* **Exercise requirements**: Where in the listing does the word "Premium" appear? Report each line that holds it.

* **Given records**:

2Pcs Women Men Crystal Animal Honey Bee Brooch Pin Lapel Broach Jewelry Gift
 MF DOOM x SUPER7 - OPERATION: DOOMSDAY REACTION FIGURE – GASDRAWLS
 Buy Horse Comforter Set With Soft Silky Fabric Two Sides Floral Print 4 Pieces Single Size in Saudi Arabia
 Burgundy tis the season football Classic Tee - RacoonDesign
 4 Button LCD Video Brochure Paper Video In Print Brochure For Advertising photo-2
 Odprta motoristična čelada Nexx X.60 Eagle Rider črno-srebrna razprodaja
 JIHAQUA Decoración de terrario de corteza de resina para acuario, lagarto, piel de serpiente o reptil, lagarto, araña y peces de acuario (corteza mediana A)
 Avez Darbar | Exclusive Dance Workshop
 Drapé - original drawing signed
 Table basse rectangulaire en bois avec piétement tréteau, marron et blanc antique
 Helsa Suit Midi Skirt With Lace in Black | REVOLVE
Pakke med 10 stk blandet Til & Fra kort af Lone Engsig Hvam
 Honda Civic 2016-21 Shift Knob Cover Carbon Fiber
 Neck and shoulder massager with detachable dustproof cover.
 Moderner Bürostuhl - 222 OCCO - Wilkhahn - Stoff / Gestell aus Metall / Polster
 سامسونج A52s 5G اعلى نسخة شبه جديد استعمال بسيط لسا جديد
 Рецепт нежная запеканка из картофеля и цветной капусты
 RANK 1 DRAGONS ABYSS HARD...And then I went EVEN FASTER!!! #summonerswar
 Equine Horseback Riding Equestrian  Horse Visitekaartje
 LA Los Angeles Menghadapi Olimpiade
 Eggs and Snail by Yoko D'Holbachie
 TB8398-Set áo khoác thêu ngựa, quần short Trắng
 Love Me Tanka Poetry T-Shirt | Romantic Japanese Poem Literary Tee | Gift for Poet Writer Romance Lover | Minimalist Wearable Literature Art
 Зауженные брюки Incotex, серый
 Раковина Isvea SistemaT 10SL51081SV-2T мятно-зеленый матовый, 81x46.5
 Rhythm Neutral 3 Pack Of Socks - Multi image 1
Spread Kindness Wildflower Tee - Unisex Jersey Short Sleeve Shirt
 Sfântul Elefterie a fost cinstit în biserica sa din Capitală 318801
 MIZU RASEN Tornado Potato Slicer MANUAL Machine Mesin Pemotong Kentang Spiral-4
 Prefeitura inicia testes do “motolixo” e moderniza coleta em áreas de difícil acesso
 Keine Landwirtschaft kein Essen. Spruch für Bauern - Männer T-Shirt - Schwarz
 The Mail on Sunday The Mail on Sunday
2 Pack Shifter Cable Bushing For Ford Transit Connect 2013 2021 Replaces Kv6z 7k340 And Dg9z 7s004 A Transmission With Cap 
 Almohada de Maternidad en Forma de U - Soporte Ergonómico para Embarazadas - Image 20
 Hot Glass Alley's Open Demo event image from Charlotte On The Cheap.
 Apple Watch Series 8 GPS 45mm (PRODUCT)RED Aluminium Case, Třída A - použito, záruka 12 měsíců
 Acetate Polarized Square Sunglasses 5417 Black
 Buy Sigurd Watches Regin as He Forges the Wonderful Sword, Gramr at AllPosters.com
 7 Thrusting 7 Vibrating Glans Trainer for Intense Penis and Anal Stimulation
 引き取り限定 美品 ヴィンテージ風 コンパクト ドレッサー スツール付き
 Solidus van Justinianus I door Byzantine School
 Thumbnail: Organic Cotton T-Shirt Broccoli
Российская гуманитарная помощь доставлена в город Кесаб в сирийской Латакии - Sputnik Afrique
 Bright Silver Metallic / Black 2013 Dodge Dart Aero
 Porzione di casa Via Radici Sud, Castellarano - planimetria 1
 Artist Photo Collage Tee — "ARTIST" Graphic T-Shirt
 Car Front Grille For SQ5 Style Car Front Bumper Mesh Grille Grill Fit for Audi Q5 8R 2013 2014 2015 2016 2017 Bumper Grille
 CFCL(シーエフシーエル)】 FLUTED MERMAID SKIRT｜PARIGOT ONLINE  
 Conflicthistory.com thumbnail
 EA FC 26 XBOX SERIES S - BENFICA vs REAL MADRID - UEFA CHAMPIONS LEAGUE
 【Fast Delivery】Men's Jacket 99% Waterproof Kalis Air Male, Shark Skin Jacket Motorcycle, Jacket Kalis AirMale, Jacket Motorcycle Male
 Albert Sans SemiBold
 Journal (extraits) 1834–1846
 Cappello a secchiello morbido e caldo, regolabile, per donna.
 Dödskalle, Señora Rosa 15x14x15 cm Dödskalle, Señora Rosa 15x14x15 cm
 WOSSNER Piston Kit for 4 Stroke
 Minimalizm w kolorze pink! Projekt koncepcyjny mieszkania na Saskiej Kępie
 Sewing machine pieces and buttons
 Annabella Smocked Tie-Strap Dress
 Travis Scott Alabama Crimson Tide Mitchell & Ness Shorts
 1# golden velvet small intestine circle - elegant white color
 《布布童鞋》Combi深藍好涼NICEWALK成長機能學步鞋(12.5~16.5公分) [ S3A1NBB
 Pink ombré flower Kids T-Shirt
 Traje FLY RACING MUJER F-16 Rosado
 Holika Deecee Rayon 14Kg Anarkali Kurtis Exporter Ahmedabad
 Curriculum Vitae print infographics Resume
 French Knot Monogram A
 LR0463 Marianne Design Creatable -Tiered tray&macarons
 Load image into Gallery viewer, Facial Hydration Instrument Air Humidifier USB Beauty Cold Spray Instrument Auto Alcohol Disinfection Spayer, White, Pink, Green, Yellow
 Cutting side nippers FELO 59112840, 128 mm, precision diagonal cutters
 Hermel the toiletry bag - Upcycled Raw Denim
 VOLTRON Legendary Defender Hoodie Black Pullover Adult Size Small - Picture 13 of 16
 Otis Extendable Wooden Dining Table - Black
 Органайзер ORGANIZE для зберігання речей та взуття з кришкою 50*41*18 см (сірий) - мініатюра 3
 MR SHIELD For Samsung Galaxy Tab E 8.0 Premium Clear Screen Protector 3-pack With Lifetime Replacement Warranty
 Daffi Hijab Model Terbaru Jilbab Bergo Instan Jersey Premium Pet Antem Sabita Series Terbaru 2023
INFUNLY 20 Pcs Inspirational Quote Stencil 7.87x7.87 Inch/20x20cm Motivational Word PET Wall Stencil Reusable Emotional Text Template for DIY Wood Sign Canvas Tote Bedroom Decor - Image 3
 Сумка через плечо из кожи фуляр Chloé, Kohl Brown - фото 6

* **Written response**:
 MR SHIELD For Samsung Galaxy Tab E 8.0 Premium Clear Screen Protector 3-pack With Lifetime Replacement Warranty
 Daffi Hijab Model Terbaru Jilbab Bergo Instan Jersey Premium Pet Antem Sabita Series Terbaru 2023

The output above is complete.